They could use the variable livingCats
directly, if they wanted to.
The reason is that this way they are not completely tied to our
current problem. If addToSet
directly changed livingCats
, it would
have to be called addCatsToCatSet
, or something similar. The way it
is now, it is a more generally useful tool.
¶ Even if we are never going to use these functions for anything else,
which is quite probable, it is useful to write them like this. Because
they are 'self sufficient', they can be read and understood on their
own, without needing to know about some external variable called
livingCats
.
¶ The functions are not pure: They change the object passed as their
set
argument. This makes them slightly trickier than real pure
functions, but still a lot less confusing than functions that run amok
and change any value or variable they please.
¶ We continue breaking the algorithm into pieces:
function findLivingCats() { var mailArchive = retrieveMails(); var livingCats = {"Spot": true}; function handleParagraph(paragraph) { if (startsWith(paragraph, "born")) addToSet(livingCats, catNames(paragraph)); else if (startsWith(paragraph, "died")) removeFromSet(livingCats, catNames(paragraph)); } for (var mail = 0; mail < mailArchive.length; mail++) { var paragraphs = mailArchive[mail].split("\n"); for (var i = 0; i < paragraphs.length; i++) handleParagraph(paragraphs[i]); } return livingCats; } var howMany = 0; for (var cat in findLivingCats()) howMany++; print("There are ", howMany, " cats.");
¶ The whole algorithm is now encapsulated by a function. This means that
it does not leave a mess after it runs: livingCats
is now a local
variable in the function, instead of a top-level one, so it only
exists while the function runs. The code that needs this set can call
findLivingCats
and use the value it returns.
¶ It seemed to me that making handleParagraph
a separate function also
cleared things up. But this one is so closely tied to the
cat-algorithm that it is meaningless in any other situation. On top of
that, it needs access to the livingCats
variable. Thus, it is a
perfect candidate to be a function-inside-a-function. When it lives
inside findLivingCats
, it is clear that it is only relevant there,
and it has access to the variables of its parent function.

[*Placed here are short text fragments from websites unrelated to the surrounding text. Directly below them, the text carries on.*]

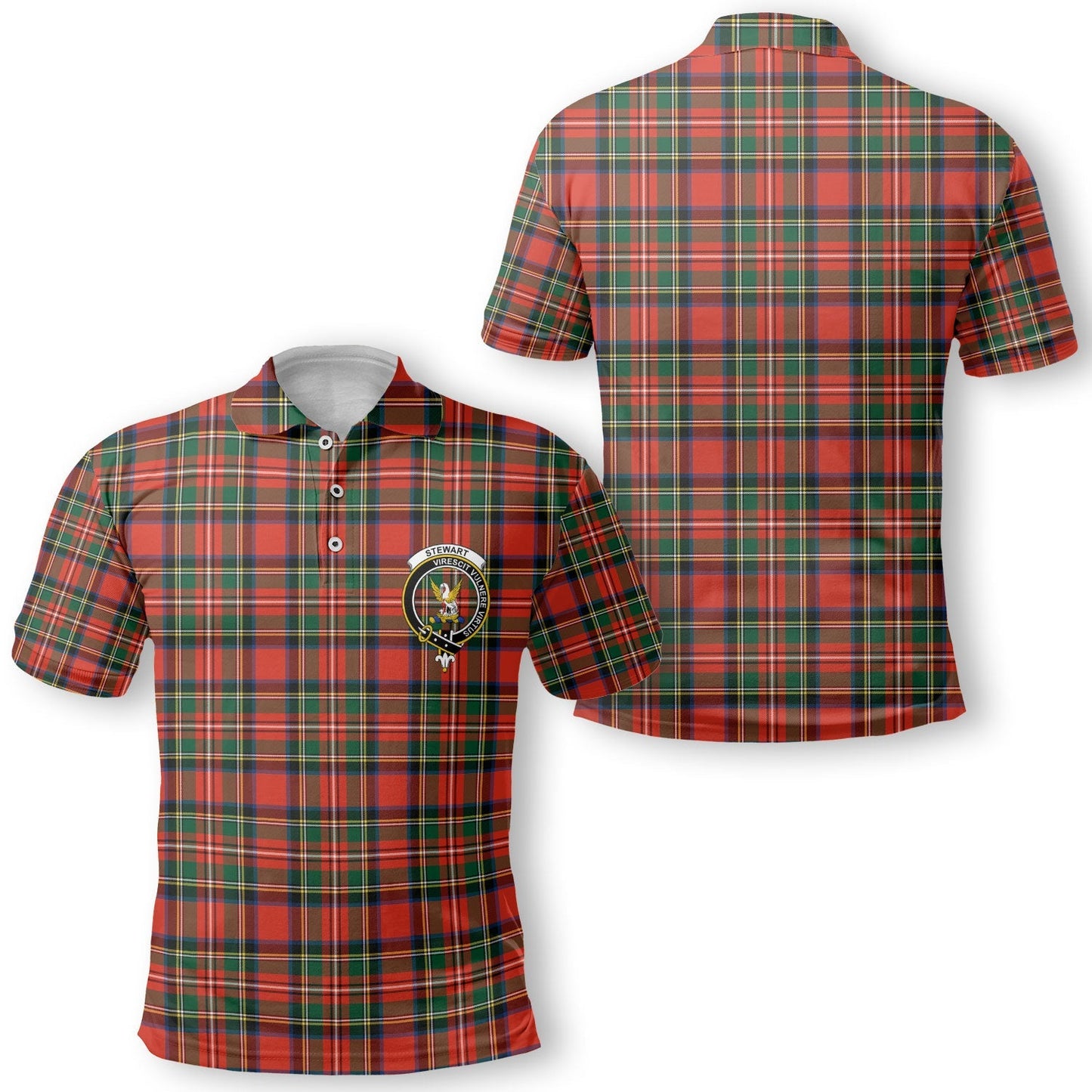 Clan Stewart Tartan Golf Tartan Men Polo Shirt Crest And Plaid Basic Style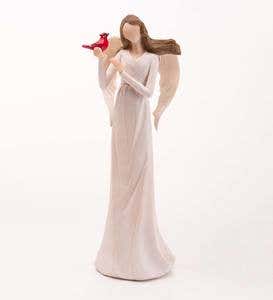 Angel Holding a Crimson Cardinal Indoor/Outdoor Statue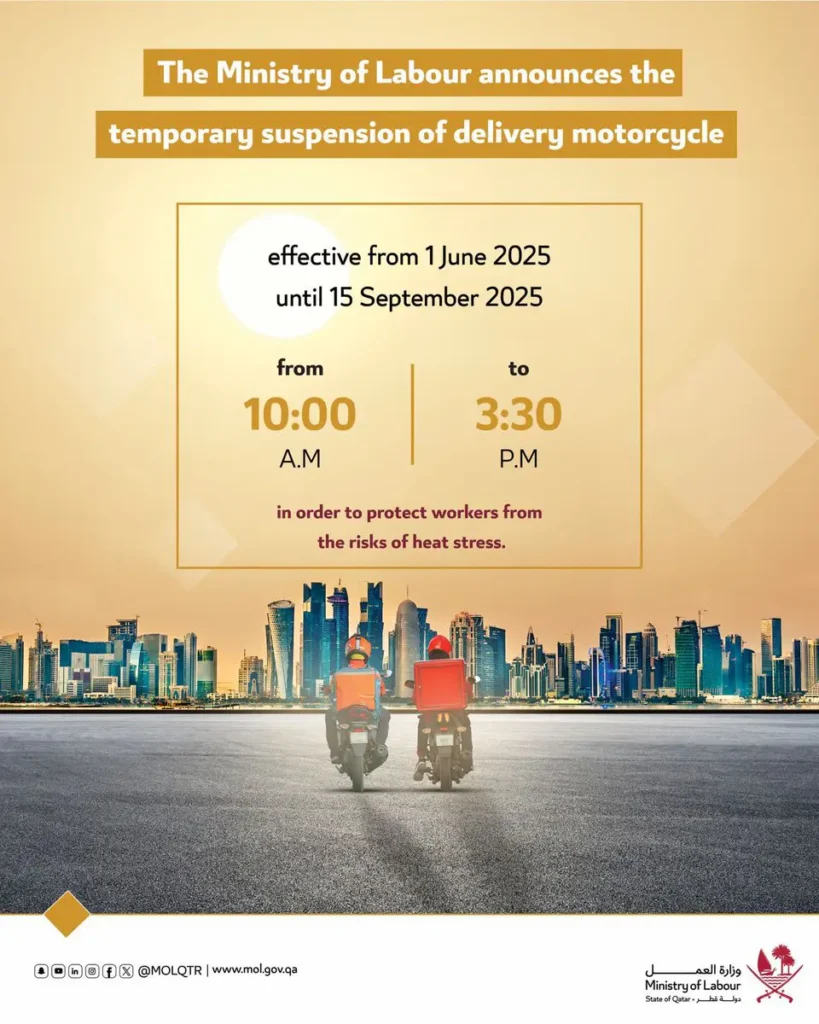 MoL temporary suspension of delivery motorcycle
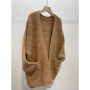 Heavy 100 pure cashmere cardigan women's loose padded coat long V-neck knitted sweater in autumn and winter.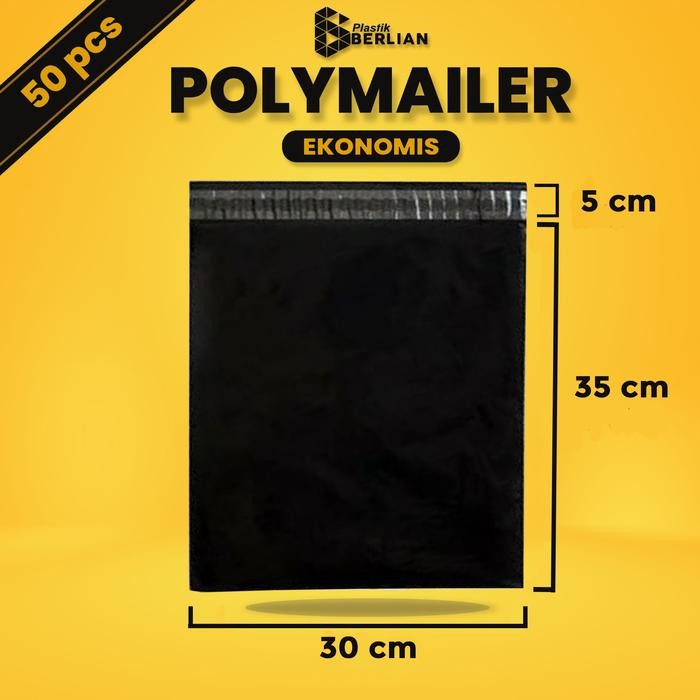 

PLASTIK AMPLOP PACKAGING POLYMAILER EKONOMIS 30X35 ISI 50 - HITAM KODE 216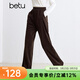 百圖betu女裝秋季新款休閑褲高腰燈芯絨直筒褲顯瘦褲子女2409T81 咖啡色 L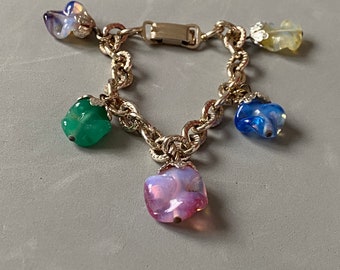 Midcentury vintage large golden curb chain bracelet with colourful gem-like glass charms , multi colour vintage boho charm bracelet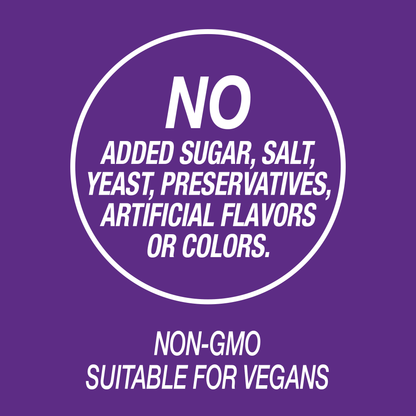 A graphic icon with the words no added sugar, salt, yeast, preservatives, artificial flavors or colors, non-GMO and suitable for vegans.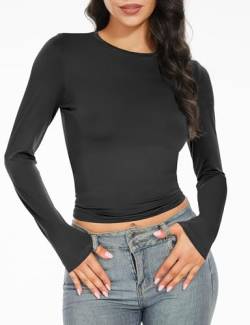 MELLIEX Langarmshirt Damen Eng Stretch Slim Fit Crop Top Langarm Fahion Rundhals Y2K Top Schwarz, L von MELLIEX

¶ This solution is actually bigger than the previous one. Still, it is tidier and I hope you'll agree that it is easier to read.
¶ The program still ignores a lot of the information that is contained in the e-mails. There are birth-dates, dates of death, and the names of mothers in there.
¶ To start with the dates: What would be a good way to store a date? We
could make an object with three properties, year
, month
, and
day
, and store numbers in them.
var when = {year: 1980, month: 2, day: 1};
¶ But JavaScript already provides a kind of object for this purpose.
Such an object can be created by using the keyword new
:
var when = new Date(1980, 1, 1); show(when);
¶ Just like the notation with braces and colons we have already
seen, new
is a way to create object values. Instead of specifying
all the property names and values, a function is used to build up the
object. This makes it possible to define a kind of standard procedure
for creating objects. Functions like this are called constructors,
and in chapter 8 we will see how to write them.
¶ The Date
constructor can be used in different ways.
show(new Date()); show(new Date(1980, 1, 1)); show(new Date(2007, 2, 30, 8, 20, 30));
¶ As you can see, these objects can store a time of day as well as a date. When not given any arguments, an object representing the current time and date is created. Arguments can be given to ask for a specific date and time. The order of the arguments is year, month, day, hour, minute, second, milliseconds. These last four are optional, they become 0 when not given.
¶ The month numbers these objects use go from 0 to 11, which can be confusing. Especially since day numbers do start from 1.
¶ The content of a Date
object can be inspected with a number of
get...
methods.
var today = new Date(); print("Year: ", today.getFullYear(), ", month: ", today.getMonth(), ", day: ", today.getDate()); print("Hour: ", today.getHours(), ", minutes: ", today.getMinutes(), ", seconds: ", today.getSeconds()); print("Day of week: ", today.getDay());
¶ All of these, except for getDay
, also have a set...
variant that
can be used to change the value of the date object.
¶ Inside the object, a date is represented by the amount of milliseconds it is away from January 1st 1970. You can imagine this is quite a large number.
var today = new Date(); show(today.getTime());
¶ A very useful thing to do with dates is comparing them.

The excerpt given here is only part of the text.